» **Data provided**
* * *

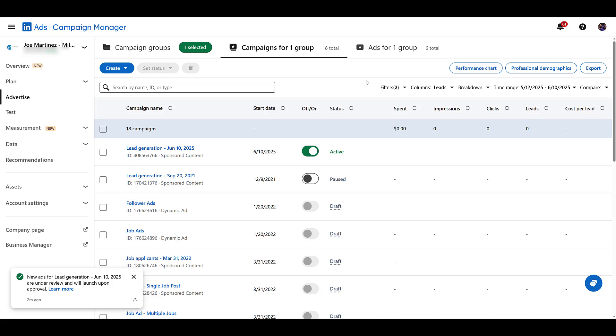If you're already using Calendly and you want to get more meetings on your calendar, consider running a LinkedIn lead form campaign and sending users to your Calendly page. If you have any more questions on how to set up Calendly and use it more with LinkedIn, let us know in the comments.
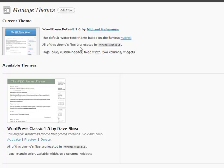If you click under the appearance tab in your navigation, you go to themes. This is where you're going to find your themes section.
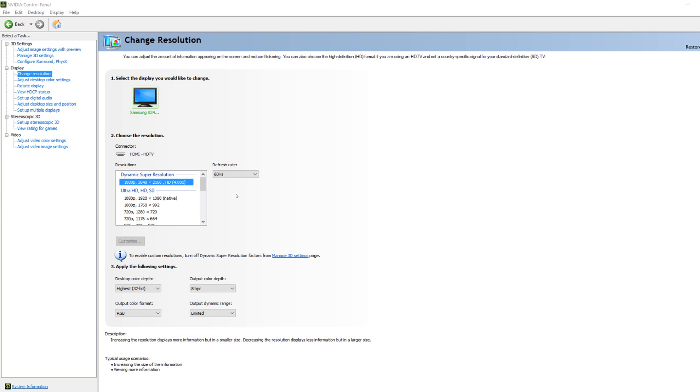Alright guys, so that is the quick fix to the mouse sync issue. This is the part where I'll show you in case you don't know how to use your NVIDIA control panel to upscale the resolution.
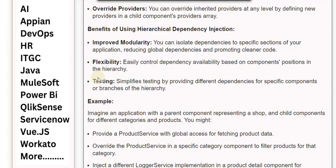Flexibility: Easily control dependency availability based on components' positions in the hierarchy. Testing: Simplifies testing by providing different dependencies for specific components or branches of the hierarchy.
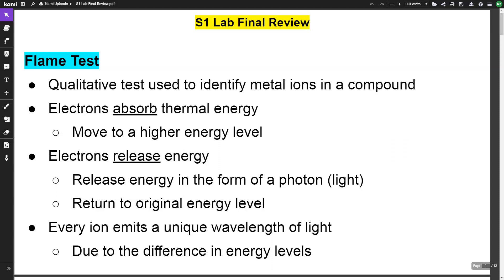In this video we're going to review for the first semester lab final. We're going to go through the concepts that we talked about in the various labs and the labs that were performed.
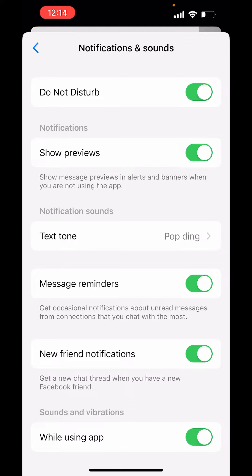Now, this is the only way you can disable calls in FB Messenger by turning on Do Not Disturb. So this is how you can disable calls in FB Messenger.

* * *

» **Task instructions**
Would you return the entries verbatim, minus any images?

» **Exercise solution**
If you're already using Calendly and you want to get more meetings on your calendar, consider running a LinkedIn lead form campaign and sending users to your Calendly page. If you have any more questions on how to set up Calendly and use it more with LinkedIn, let us know in the comments.
If you click under the appearance tab in your navigation, you go to themes. This is where you're going to find your themes section.
Alright guys, so that is the quick fix to the mouse sync issue. This is the part where I'll show you in case you don't know how to use your NVIDIA control panel to upscale the resolution.
Flexibility: Easily control dependency availability based on components' positions in the hierarchy. Testing: Simplifies testing by providing different dependencies for specific components or branches of the hierarchy.
In this video we're going to review for the first semester lab final. We're going to go through the concepts that we talked about in the various labs and the labs that were performed.
Now, this is the only way you can disable calls in FB Messenger by turning on Do Not Disturb. So this is how you can disable calls in FB Messenger.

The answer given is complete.